Empregada de limpeza que desenvolveu alergia respiratória sem nexo com sua atividade não deve ser indenizada, decide 1ª Turma do TRT-4

2015-04-10_190211

A decisão de 2º Grau seguiu entendimento da sentença proferida pelo juiz Silvonei do Carmo, da 2ª Vara do Trabalho de Bento Gonçalves.

Uma empregada que trabalhava com limpeza pesada não obteve o direito à indenização após ter desenvolvido alergia respiratória. A decisão foi da Primeira Turma do Tribunal Regional do Trabalho da 4ª Região (RS). Ela alegou ter adquirido alergia grave pelo contato com o produto de higienização hipoclorito  e, em decorrência, pediu indenização por danos morais e materiais.

Porém, os desembargadores acolheram o laudo pericial que atestou ausência da relação causa e efeito entre a enfermidade e o trabalho desenvolvido.

A decisão de 2º Grau seguiu entendimento da sentença proferida pelo juiz Silvonei do Carmo, da 2ª Vara do Trabalho de Bento Gonçalves. Por conseguinte, os pedidos da trabalhadora foram julgados improcedentes.

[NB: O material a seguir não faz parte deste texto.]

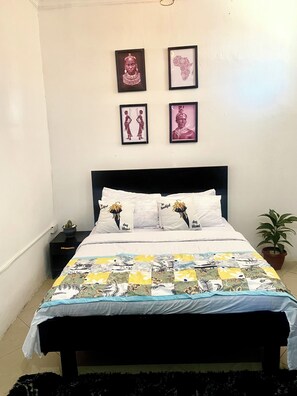Un dormitori amb llit, almoines amb motius florals, una nit del llit amb una planta i obra d'art mural amb figures africanes i un mapa.
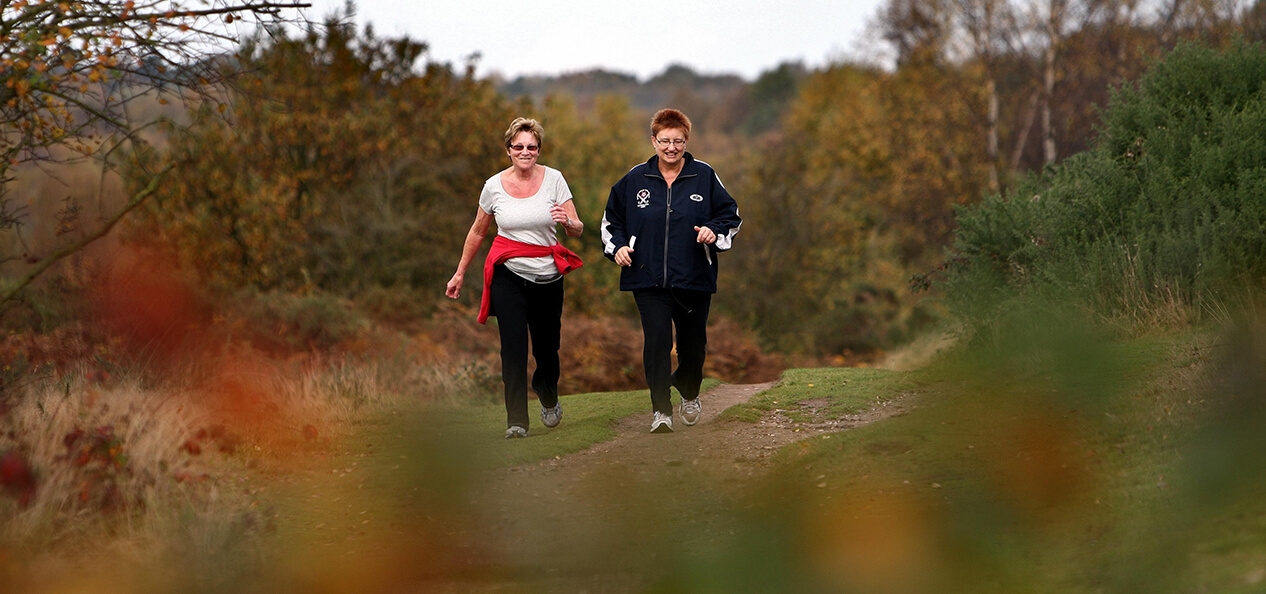 Two women walking together in a park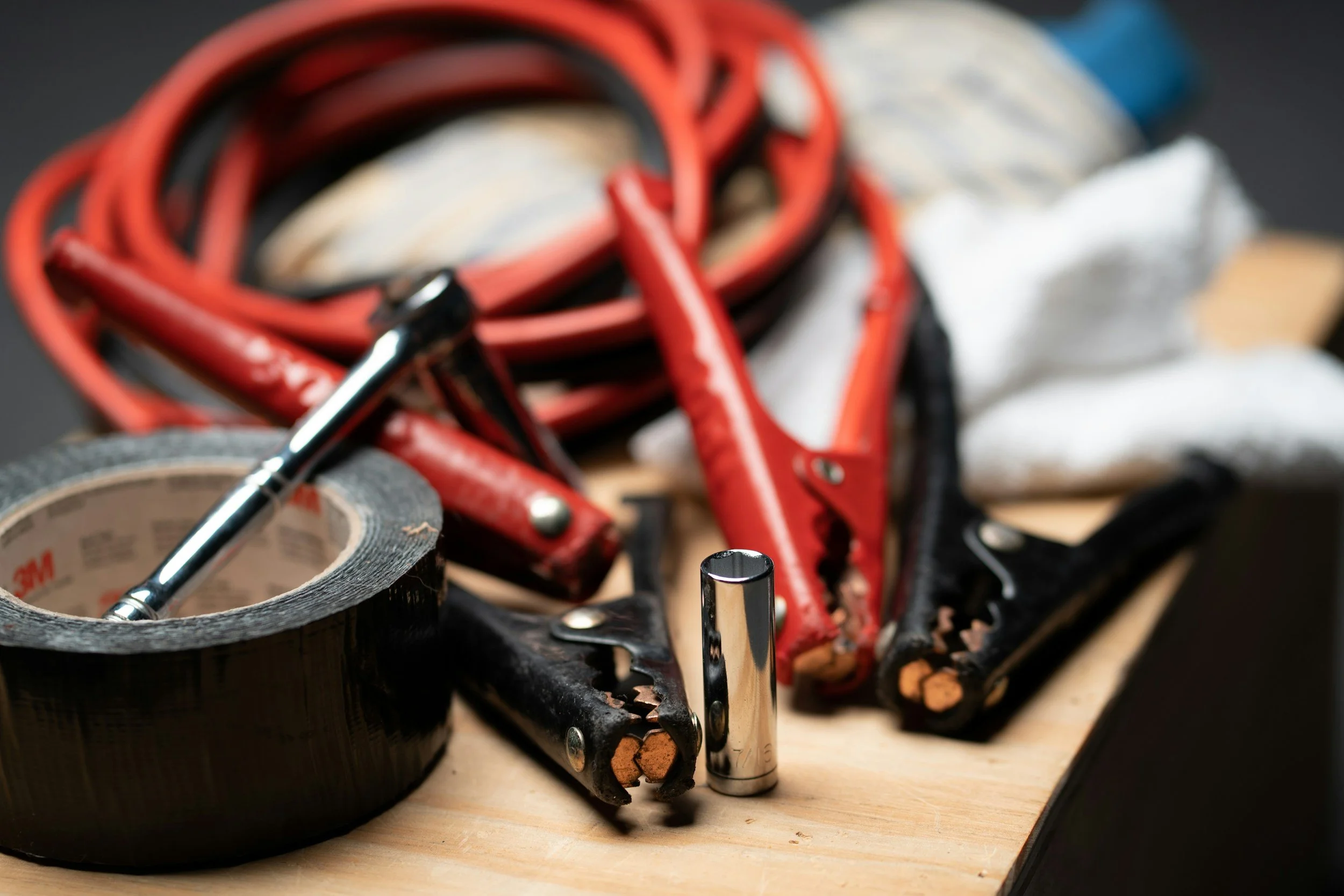 Car road trip emergency essentials including jumper cables and tire gauge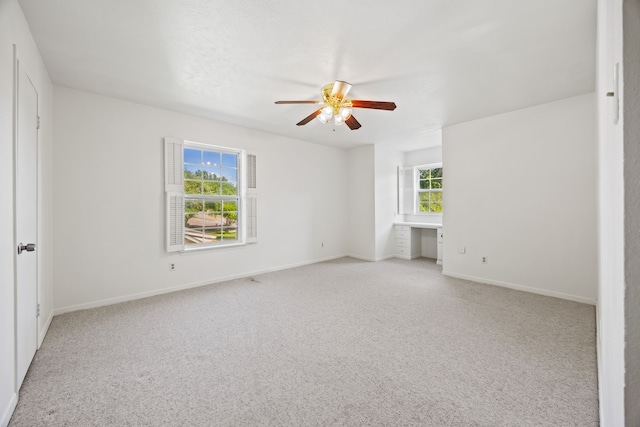 7609 Spring Valley Rd, Dallas, TX 75254 - unfurnished bedroom featuring light carpet, baseboards, and a ceiling fan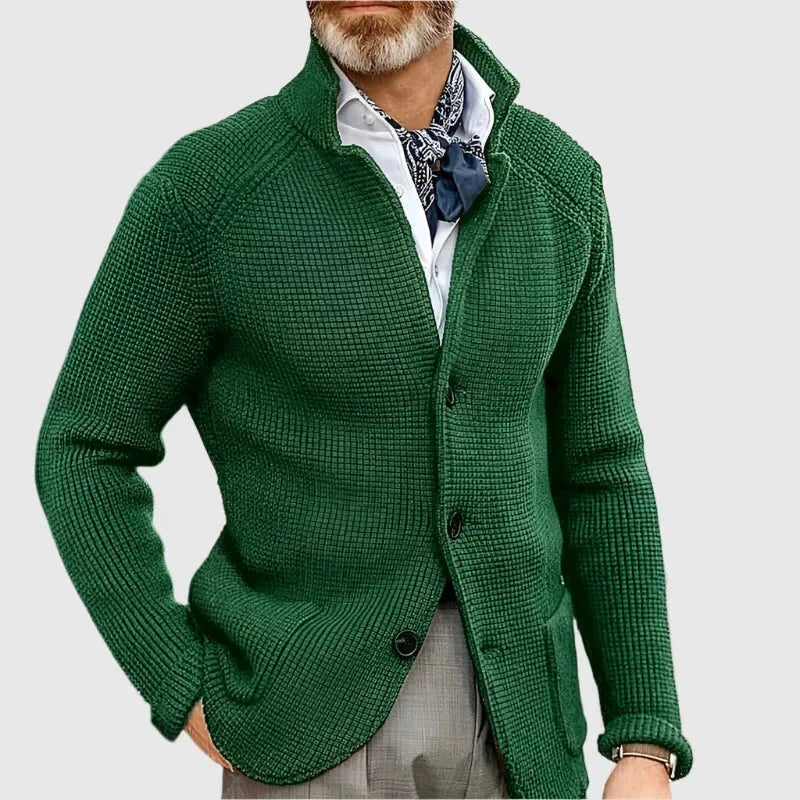 Side angle of the navy cardigan highlighting the ribbed knit texture across the sleeve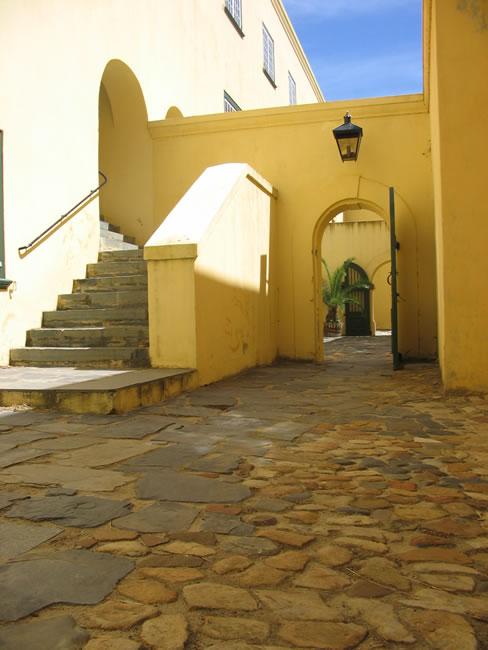 Ochre stair and archway with lantern inside the castle walls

De acordo com o processo, a empregada, após realizar limpeza com hipoclorito, passou a apresentar congestionamento nasal. Com o passar dos dias, os sintomas foram ficando mais graves, tais como diarreia, tosse, coriza e febre. Ela foi diagnosticada como portadora de alergia não especificada grave, cujo gatilho teria sido a exposição ao agente de limpeza. No entanto, de acordo com o laudo pericial médico realizado no processo, a alergia não possuía nenhuma relação com o trabalho. Segundo a perícia médica, a causa da moléstia teriam sido fatores próprios da trabalhadora, tal como o quadro de rinite alérgica crônica que apresentava.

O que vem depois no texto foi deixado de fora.